However, certain operations are conducted through separate taxable
wholly-owned U.S. and foreign corporate subsidiaries. The income tax
expense for these subsidiaries was $1.2 million and $1.4 million for the
three month periods ended March 31, 2004 and 2003, respectively.
On June 1, 1989, the governments of the Netherlands Antilles and St.

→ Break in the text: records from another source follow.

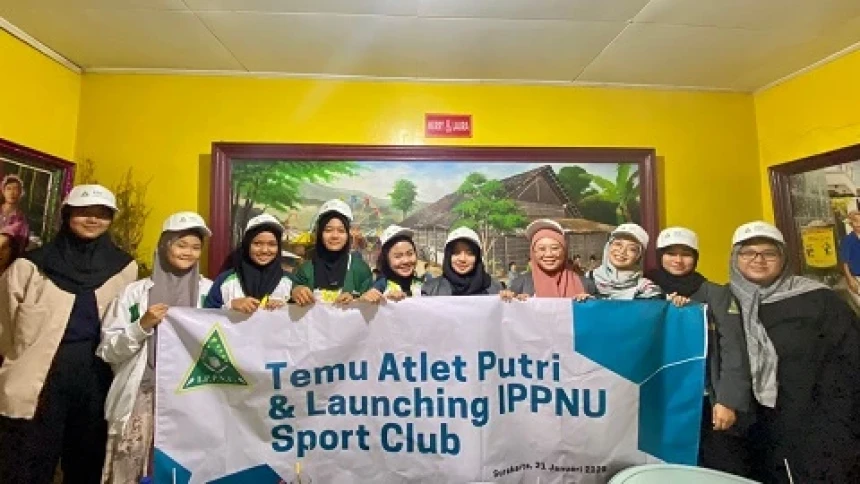 Fasilitasi Bakat Kader di Bidang Olahraga, PP IPPNU Siapkan Program Pengembangan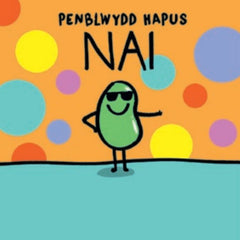Penblwydd Hapus Nai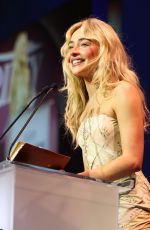 SABRINA CARPENTER at Variety Hitmakers 2025 in Los Angeles 12/06/2025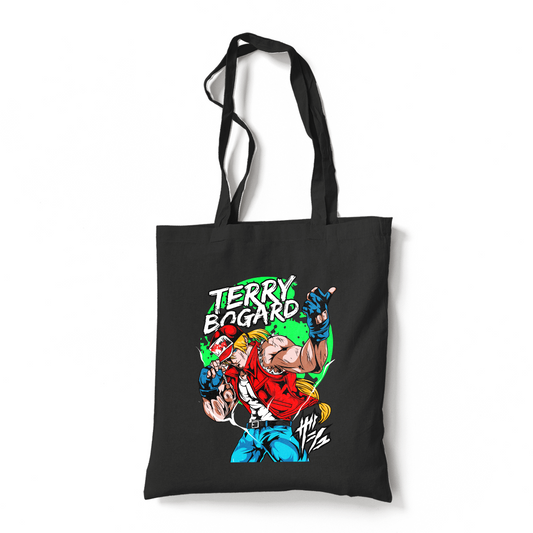 Random Anime Tote Bag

Eustatius approved a Free Zone and Profit Tax Agreement retroactive to
January 1, 1989, which expired on December 31, 2000. This agreement
requires a subsidiary of the Partnership, which was acquired on February
28, 2002, to pay a 2% rate on taxable income, as defined therein, or a
minimum payment of 500,000 Netherlands Antilles guilders ($0.3 million) per
year. The agreement further provides that any amounts paid in order to meet
the minimum annual payment will be available to offset future tax
liabilities under the agreement to the extent that the minimum annual
payment is greater than 2% of taxable income. The subsidiary is currently
engaged in discussions with representatives appointed by the Island
Territory of St. Eustatius regarding the renewal or modification of the
agreement, but the ultimate outcome cannot be predicted at this time. The
subsidiary has accrued amounts assuming a new agreement becomes effective,
and continues to make payments, as required, under the previous agreement.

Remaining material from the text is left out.